» **DATASET EXCERPT**
★ ★ ★ ★

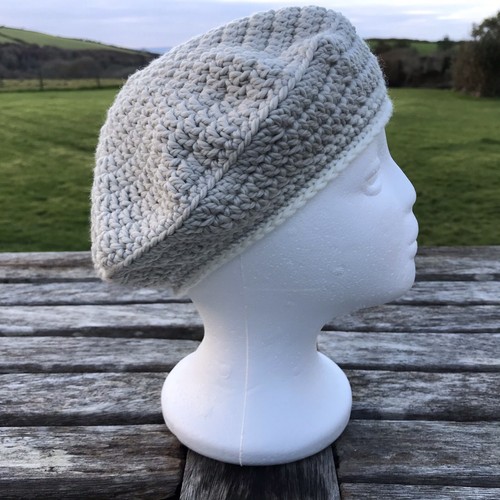 Handmade grey crochet beret - handmade,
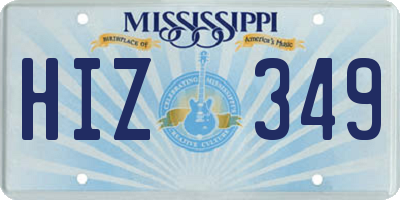 MS license plate HIZ349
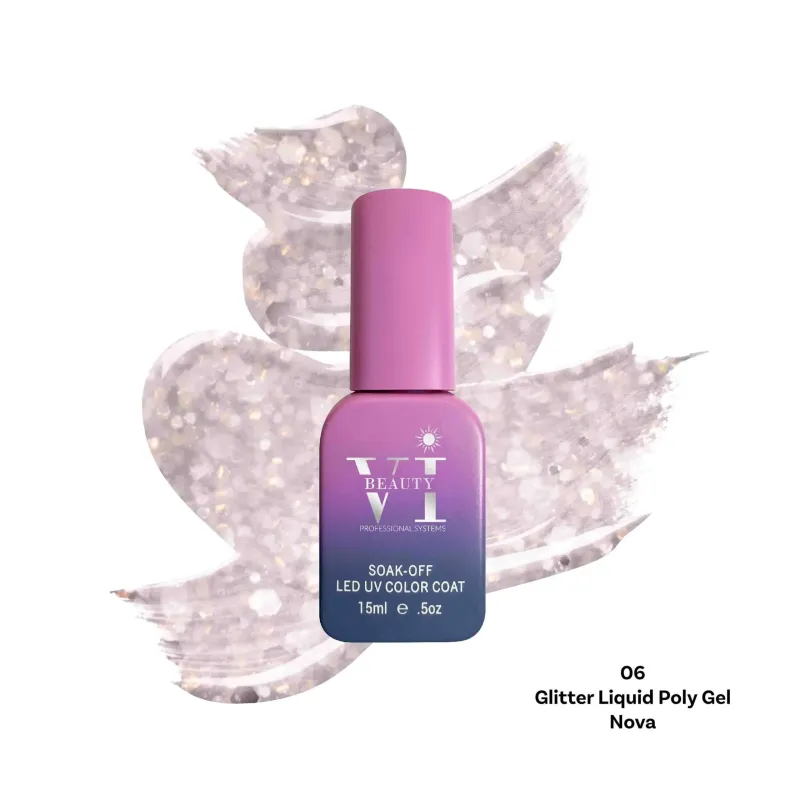 GLITTER LIQUID POLY GEL 06 NOVA 15ML - SKU 175001-06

★ ★ ★ ★

» **WHAT YOU ARE ASKED TO DO**
Would you return the material exactly, images excluded?

» **RESULT OF THIS EXERCISE**
 Handmade grey crochet beret - handmade,
 MS license plate HIZ349
 GLITTER LIQUID POLY GEL 06 NOVA 15ML - SKU 175001-06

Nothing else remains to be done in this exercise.